Jason Molina knew the blues. The singer-songwriter behind Songs: Ohia and Magnolia Electric Co. wasn’t a traditionalist or even a conventional blues musician — to hear his music, you wouldn’t think to call it that. More often his style is a dark and haunting folk-rock, sometimes infused with the rock-and-roll roar of Crazy Horse at their most raggedly glorious and elsewhere stark to the point of being eerily skeletal. “Just Be Simple,” on Songs: Ohia’s final album Magnolia Electric Co. — or Magnolia Electric Co.’s first album depending on how you look at it — is somewhere between those two poles, soulful and stinging with a desperate loneliness, but carrying a grit that gives it a glimmer of hope even when the sadness is overwhelming.

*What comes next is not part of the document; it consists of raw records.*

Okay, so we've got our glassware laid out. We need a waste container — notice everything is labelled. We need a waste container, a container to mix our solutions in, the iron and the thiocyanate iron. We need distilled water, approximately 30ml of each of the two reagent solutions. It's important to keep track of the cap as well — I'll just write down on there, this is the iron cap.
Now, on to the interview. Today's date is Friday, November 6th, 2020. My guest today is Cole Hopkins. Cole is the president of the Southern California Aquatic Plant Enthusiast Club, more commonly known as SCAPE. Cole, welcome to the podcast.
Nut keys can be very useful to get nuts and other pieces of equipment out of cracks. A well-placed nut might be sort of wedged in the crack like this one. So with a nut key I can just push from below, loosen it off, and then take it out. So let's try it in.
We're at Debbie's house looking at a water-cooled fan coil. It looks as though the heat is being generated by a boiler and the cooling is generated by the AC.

The Molina at the heart of “Just Be Simple” isn’t at peace with his depression and isolation, but he acknowledges it with a plainspoken, matter-of-fact sensibility. “You’ll never hear me talk about one day getting out,” he sings. “Why put a new address on the same old loneliness?” It sounds bleak, even fatalistic, but there’s something almost zen-like in the way Molina frames the darkness that follows him. He doesn’t long for genuine happiness: “If Heaven’s really coming back, I hope it has a heart attack.” It’s in the title of the song where that faint glimpse of a bright future lies, however fleeting. Molina’s not “looking for an easy way out.” He just needs to live with the pain.

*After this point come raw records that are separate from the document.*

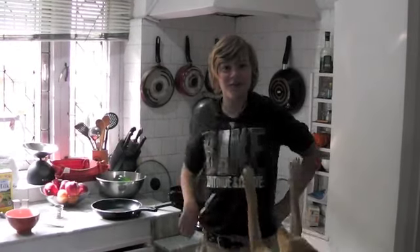Hi and welcome to Cooking with Olive. Today we're going to be making an omelette and I'm going to show you how.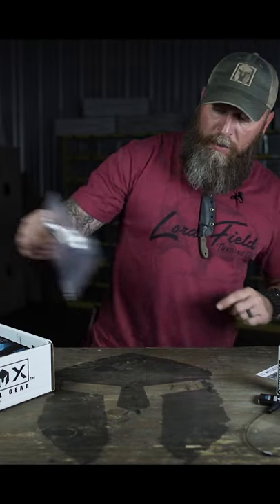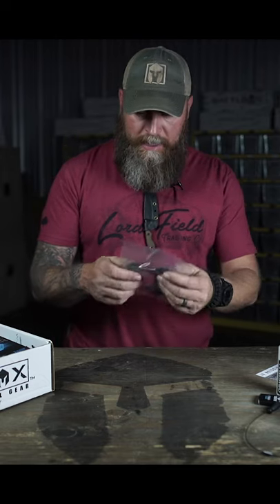The Lamson Ulu Knife. Walnut handle, 420 high carbon steel, made in the USA. Yee-haw.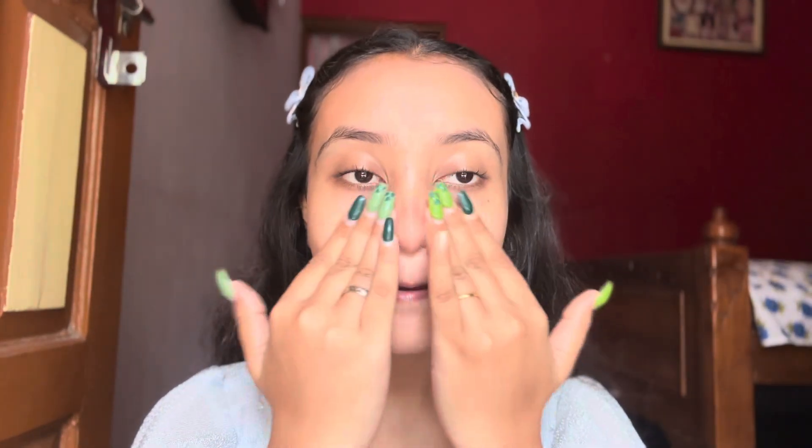Skincare is very important before makeup, so here I'm starting with my skincare, applying some moisturizer and then sunscreen. Now my skin is ready to put on some makeup, so I'm starting with primer — it's an oil free primer.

There’s a universal feeling at the heart of “Just Be Simple,” as there is with most of Molina’s songs, whether he’s singing about being alone in the world, or whether he’s describing the Rust-Belt landscapes of the Midwest and its eerie, blue moon. In fact, it’s been covered numerous times by the likes of the Avett Brothers and Amanda Shires. Scott Avett describes the song as “not only a sentiment that I know and live by but is a song that I listened to once or twice and could recite the lyrics to. It was as if I never had to learn it, it was just in me.”
Molina, himself, never quite escaped the darkness. In 2013 he died of organ failure after a long struggle with alcoholism, cutting his career short at age 39. But in spite of his tragic, untimely passing, he gave listeners the gift that maybe he needed the most. Songs like “Just Be Simple” are sad, but they bring us comfort. They make us feel as if someone else understands.
“Anytime a song can be truthful and relatable is a successful song to me,” Shires says of the song. “We are supposed to have songs that help us get us through difficult times, we need songs to get us through shit. This song makes me feel less alone in the world and I think that’s what good songs are supposed to do.”